Fakat bağımsızlık kolay olmadı. Bağımsızlığı takip eden zamanda yeni kurulan devlet pek çok sorunla yüzleşmek durumunda kaldı. Tüm yapı yeni baştan kuruldu. Hindistan ve Pakistan arasında gerçekleşen Hindu ve Müslüman mübadelesi sebebiyle on milyon civarında farklı etnik kökenden oluşan Müslümanın Pakistan’a gelmesi ciddi bir sosyal sorunu da beraberinde getirdi. 1971 yılında Doğu ve Batı Pakistan arasında çıkan iç savaş, birbirini kovalayan askerî darbeler istikrarsızlığı arttırsa da Pakistan kendine özgü modeli ısrarla ayakta tutmaya çalıştı. Bu model, İslam ülkeleri içinde İslam ile demokrasiyi pratikte bir araya getirmeye çalışan gayret olarak görülmektedir.

Hep Türkiye’nin yanında

Türkiye, 1974’te Yunanistan ve Kıbrıslı fanatik Rum milliyetçilerin işbirliği yaparak bir oldu bitti ile Kıbrıs’ı Yunanistan’a bağlama hamlelerine göz yummadı. Her ne kadar o yıllarda politik şiddet ve ekonomik bunalımlarla boğuşuyor olsa da “Kıbrıs Barış Harekatı” olarak bildiğimiz askerî hamleyi gerçekleştirdi. Bu hamle ile dünyayı karşısına aldı ve adeta yalnızlaştırıldı. İşte bu kritik anda Türkiye’nin yanında duran birkaç ülkeden birisi yine Pakistan oldu.

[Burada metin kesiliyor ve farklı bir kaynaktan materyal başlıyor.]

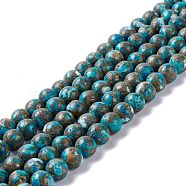 Assembled Synthetic Pyrite and Dyed Howlite Beads Strands, Round, Blue, 8mm, Hole: 1.2mm, about 49~50pcs/strand, 15.94''(40.5cm)(G-K317-A03-05)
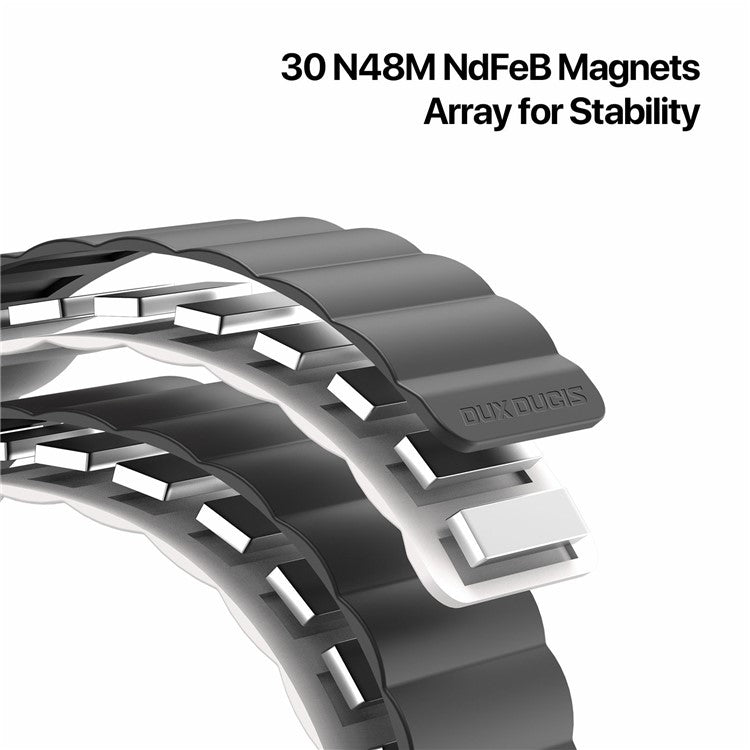 Dux Ducis SD Series Silicone Magnetic Watch Strap For Apple Watch Series 10 9 8 7 SE 6 5 4 3 2 1 42mm 41mm 40mm 38mm - Black / Starlight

Pakistan Ordusu, Kıbrıs Barış Harekatı sırasında Türk askerlerinin tedavisine yardımcı olması için Türkiye’ye bir sağlık ekibi gönderdi. Bu ekip tarafından Mersin’in Tarsus ilçesinde kurulan Sahra Hastanesi yüzlerce Türk askerinin tedavisini gerçekleştirdi. Yine harekattan sonraki süreçte Rum teröründen kurtulan Kıbrıslı Türklerin Türkiye himayesinde kurdukları Kuzey Kıbrıs Türk Cumhuriyeti Batı baskısıyla resmi olarak görmezden gelinirken bağımsızlık ilanından sonra Pakistan KKTC’yi tanıdığını ilan etti. Pakistan Türkiye’ye karşı bu olumlu tavrını tarihsel süreçte hiç bozmadı. Bunun en son örneğini Türkiye’nin 2016 yılından bu yana Suriye’nin kuzeyine terörle mücadele için gerçekleştirdiği Fırat Kalkanı, Zeytindalı ve Barış Pınarı harekatlarına da resmi olarak destek vererek bir kez daha gösterdi. Kısacası yazının başında da ifade edildiği gibi Türkiye ve Pakistan’ın ezeli kardeşliği uzmanların soğuk siyasal bilimler formüllerine sığmayacak bir gönül bağından gelmekte. Türkiye ve Pakistan dostluğu, menfaati değil muhabbeti esas alan, birbirlerinin acısını acı, sevincini sevinci, başarısını da kendi başarısı olarak gören sosyal bir mucize örneği olarak karşımızda durmaktadır.